I had said to him, "Forgive the unbearable lateness of the hour," and it hadn't sounded like something I would normally say.  I knew then that it was Ian's salutation on this night.  I said it to him because he said it to me, the night he killed himself.

My telephone is a turquoise-green princess phone that I keep trying to make pink, but isn't.  I laid still and waited for it to ring, and felt a mixture of many strange things at once.

The world was shifting.  I could feel the kaleidoscope moving, and I felt angry we hadn't yet determined why we were stuck in Dead Poet's Society.  That you hadn't really boarded a train with us.  That we didn't know for certain if this was the cyclone to Oz.  That things had been happening so fast, I couldn't hold onto them, and now...

Now there was a finality in this moment.  Winter had come, and when winter comes, I am only one thing, and I am only in one place, and all this would come undone because I will move away from Ian, and the snow globe will disappear forever.  I could feel Adam's panic all around me, and Clyde's insidious grin.

Of course, Adam would say or do anything to keep me in the house when the wolf is out.  So I wondered if Matthew would really call, or if he simply said that to...

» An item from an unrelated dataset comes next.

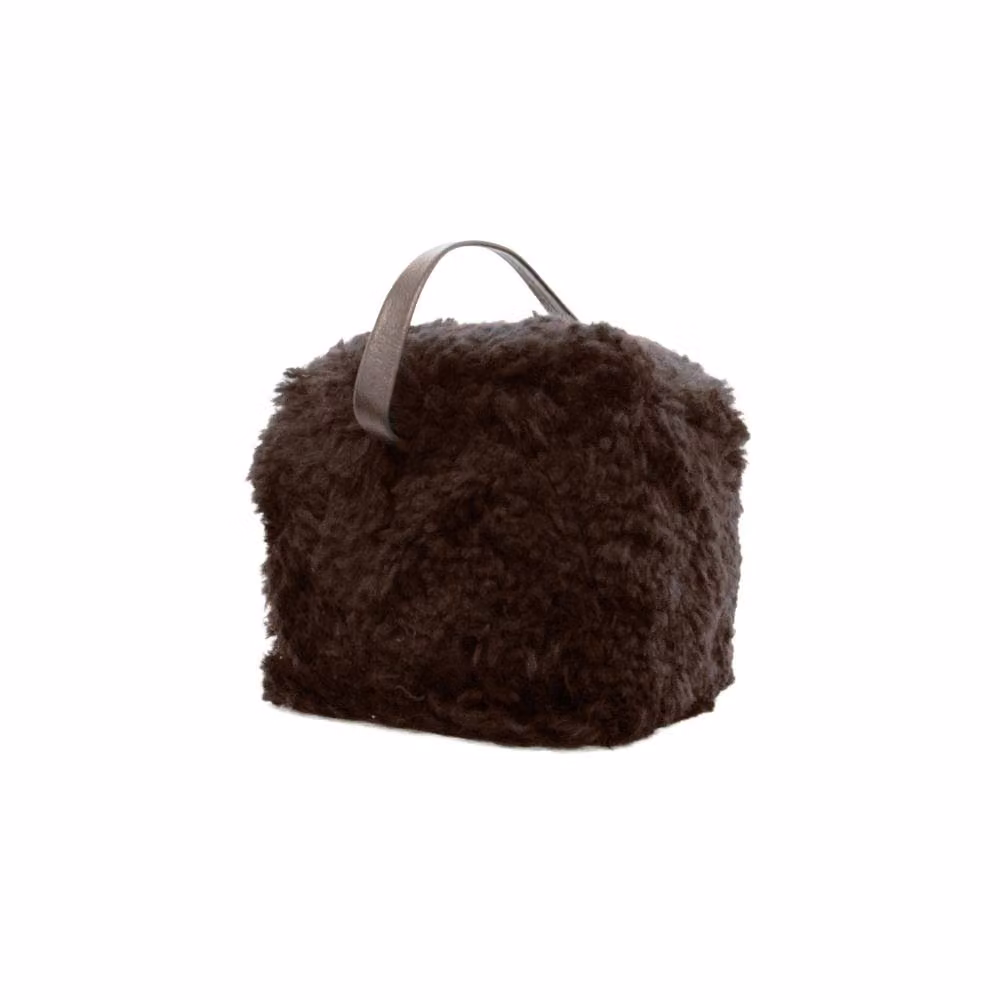 Native Natural Brown Sheepskin Doorstop, Height: 15 cm – 3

Of course, I also knew that Ian begs for Deborah to take him back before his death, and so the overwhelming feeling I'd have of being the other woman under you intensified in the late night.

So he'd go back to the one of us who'd actually read The Idiot.  Sure, I get it.  What god creates, man destroys.

I ran through the details in my head, that I knew.  I tried to focus on seeing him alone in the kitchen, but I couldn't distinguish him from what I simply wanted to be there.  A tea set.  A broken clock.  A safe arrival of you with a schnauzer under your arm.

Ian rifles through the content of the fridge in 77 Barton.  It's spare inside, as Deb has not yet done the weekly shopping.  He tugs the tuck of his shirt against his ribs.  There is a determined look in his eyes that I recognize in Matthew's, on the day we met in this life.  On the day we met in this life, when he'd decided to die.

He wrote me a letter, in which he'd said, "Sincerely, I came to see you knowing you're the only one who wouldn't talk me out of what I wanted."

No, I guess I wouldn't have.

In the deep green shirt, I watch him, or think I do, kneel onto the tile the color of fatigue.  It happens always; it happens forever.  He is wearing his shoes, as if he believes he will need them for his departure.  He kneels, and he lets the weight of his body go against the clothesline, and he waits.  He is patient.  He is...

When I was a girl, I knew a boy who killed himself in what seems to be an accidental parody of Ian.

Am I still a girl?  Life moves always in these cycles that mean we can't escape anything or anyone.

In some world, this happens forever.  In some places, I wait, low against the rocks of the moon, and watch the other half of my heart die on a floor in Macclesfield.  Outside the windows of the front room, the trees wave in the darkness from the park.  While he leans low over the tiles, I feel him sink into me.  He sinks into me, the words which flow along the pathways of his blood and the unheard notions he failed to communicate.  The way he had God inside him, as Rosie would say, sinks into me like a stain in our sheets.

I didn't mean to love him like this.  I would have greatly preferred not to, if we're being honest.  I didn't mean to fall in love with him in this way that now bubbles up through the cracks in me, to find places where what I wish were true is forced to touch fact and ruin it.  I might've ruined us with wishes, Jack, you and me.

My hand shakes as I pick up the phone and dial any number at all.  If you dial any number, Grady will be on the other end of the line.  Does that just work in Gray House?  I've never tried it elsewhere.

"Si."

"Did they make it?" I ask the silence that follows his short greeting.  I hear potato chips crunching in his mouth, all business tonight at the Roads and out of favors to do for me.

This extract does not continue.